Sparks Networks - Junior Data Engineer task
Techstack used - * Python/Pandas (scripting / Programming) * Airflow (orchestrator) * Postgresql (database) Datawarehouse * Bigquery Datawarehouse * Docker containers * git (code/version management)
See dataflow.png for the High level design of the project.
For the PII info we have used Column level access so that only those info that are required by the final users are provided , they are restricted of any other columns. See file "sparks.sql" for complete info about the tables , roles and other object.
We have dags folder having the sparkdag.py file which is responsible for the ETL process.
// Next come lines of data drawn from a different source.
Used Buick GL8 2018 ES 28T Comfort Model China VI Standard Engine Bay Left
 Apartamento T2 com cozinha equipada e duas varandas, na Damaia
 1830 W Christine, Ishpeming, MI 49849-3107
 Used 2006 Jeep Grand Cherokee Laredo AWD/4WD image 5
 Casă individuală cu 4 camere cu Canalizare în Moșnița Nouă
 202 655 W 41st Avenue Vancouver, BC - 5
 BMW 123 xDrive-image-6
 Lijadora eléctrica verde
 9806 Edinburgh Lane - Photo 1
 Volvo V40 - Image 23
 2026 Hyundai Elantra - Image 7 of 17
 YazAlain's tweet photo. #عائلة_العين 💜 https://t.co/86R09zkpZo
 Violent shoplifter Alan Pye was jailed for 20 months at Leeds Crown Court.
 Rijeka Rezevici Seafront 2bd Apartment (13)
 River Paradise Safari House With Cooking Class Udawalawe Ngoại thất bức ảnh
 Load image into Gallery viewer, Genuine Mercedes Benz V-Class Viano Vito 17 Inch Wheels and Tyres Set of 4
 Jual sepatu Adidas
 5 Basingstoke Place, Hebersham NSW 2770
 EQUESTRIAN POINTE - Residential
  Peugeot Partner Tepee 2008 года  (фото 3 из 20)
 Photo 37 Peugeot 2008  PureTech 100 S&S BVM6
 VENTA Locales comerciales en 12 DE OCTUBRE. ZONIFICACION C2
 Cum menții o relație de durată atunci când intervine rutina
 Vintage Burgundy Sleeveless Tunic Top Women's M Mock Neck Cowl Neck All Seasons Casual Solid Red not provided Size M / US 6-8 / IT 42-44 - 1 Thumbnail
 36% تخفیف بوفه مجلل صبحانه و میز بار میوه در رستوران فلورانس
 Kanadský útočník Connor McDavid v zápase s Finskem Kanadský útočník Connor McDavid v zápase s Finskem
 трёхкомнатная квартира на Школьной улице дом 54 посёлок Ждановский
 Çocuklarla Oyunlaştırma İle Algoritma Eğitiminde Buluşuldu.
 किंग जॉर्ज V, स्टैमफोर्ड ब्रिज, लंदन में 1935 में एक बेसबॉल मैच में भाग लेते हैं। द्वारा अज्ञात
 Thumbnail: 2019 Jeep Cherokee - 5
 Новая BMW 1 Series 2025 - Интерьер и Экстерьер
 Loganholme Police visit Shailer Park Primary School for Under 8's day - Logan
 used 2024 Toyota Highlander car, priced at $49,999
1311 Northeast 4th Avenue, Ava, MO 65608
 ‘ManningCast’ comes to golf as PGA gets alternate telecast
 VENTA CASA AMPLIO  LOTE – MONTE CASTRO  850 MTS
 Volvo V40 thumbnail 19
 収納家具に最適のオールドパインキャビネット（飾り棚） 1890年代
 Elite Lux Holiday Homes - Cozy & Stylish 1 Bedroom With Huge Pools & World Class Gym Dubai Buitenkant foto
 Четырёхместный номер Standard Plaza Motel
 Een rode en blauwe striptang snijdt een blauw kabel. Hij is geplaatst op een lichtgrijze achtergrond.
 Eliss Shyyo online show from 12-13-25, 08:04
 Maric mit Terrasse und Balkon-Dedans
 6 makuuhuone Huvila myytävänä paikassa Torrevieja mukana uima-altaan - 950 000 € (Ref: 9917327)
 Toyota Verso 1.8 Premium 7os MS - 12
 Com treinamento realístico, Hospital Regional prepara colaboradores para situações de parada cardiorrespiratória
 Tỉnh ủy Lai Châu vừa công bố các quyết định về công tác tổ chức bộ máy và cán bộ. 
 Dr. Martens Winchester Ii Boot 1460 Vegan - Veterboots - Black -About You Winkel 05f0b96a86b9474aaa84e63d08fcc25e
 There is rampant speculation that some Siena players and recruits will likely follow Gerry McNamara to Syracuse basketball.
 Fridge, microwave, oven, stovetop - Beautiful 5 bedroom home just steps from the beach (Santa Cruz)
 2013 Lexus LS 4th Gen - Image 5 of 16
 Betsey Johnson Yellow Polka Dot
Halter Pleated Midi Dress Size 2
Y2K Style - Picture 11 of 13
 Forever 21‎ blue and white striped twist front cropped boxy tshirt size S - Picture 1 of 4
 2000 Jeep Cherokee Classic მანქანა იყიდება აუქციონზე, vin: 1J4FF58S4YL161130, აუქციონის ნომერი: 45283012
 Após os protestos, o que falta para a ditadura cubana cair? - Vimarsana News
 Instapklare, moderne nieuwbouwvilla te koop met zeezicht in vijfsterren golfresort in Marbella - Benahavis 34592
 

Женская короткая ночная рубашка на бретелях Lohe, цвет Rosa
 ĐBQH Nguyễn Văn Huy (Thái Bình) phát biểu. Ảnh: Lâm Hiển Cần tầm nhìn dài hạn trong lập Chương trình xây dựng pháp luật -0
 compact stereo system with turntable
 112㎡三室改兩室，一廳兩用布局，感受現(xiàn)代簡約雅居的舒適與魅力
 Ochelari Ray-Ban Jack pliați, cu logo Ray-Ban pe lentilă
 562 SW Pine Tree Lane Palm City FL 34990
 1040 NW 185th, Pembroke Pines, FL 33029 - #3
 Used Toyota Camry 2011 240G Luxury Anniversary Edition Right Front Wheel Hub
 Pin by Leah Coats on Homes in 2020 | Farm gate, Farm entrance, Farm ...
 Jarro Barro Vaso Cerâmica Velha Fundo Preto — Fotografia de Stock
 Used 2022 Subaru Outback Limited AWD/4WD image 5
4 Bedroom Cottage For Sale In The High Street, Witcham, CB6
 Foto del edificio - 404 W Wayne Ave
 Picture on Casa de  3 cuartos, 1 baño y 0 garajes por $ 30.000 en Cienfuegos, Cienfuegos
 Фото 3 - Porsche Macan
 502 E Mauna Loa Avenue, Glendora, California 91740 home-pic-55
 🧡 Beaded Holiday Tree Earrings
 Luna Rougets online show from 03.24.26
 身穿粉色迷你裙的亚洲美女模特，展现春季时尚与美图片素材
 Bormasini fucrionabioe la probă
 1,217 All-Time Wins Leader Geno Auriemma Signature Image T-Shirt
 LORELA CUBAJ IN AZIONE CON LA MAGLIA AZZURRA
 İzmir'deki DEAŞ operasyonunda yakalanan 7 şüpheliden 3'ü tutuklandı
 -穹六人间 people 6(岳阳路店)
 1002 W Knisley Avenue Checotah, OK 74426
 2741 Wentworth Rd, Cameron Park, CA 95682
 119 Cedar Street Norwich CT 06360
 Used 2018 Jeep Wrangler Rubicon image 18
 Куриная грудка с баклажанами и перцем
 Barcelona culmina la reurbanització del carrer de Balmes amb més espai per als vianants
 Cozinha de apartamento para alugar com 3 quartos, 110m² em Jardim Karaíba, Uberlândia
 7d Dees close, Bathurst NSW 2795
Steps to generate and run the DAG.
1> clone the git using git clone https://github.com/Villain1401036/Sparks.git
2> install docker and docker compose
use this link for more info
https://docs.docker.com/engine/install/ubuntu/
3> go into the directory /Sparks and run docker compose up
cd Sparks
docker compose up
4> run the postgresinstall.sh in Sparks folder /Sparks/postgresinstall.sh
sh postgresinstall.sh
This will install the postgres and create the tables in the postgres database
5> open airflow webserver UI using :8080 eg - 192.168.4.21:8080
6> open connections and add GCP connection as *Connection id - gcp_conn_default *connection type - Google Cloud *Project Id - sparks-363212 *keyfileJson - ( Due to its privacy Please ask me on [email protected] for setup )
7> Run the Sparks DAG in the DAGs in Airflow UI
** Project was made on a Virtual Machine (using Ubuntu as the unix system ) for different system there may be some changes .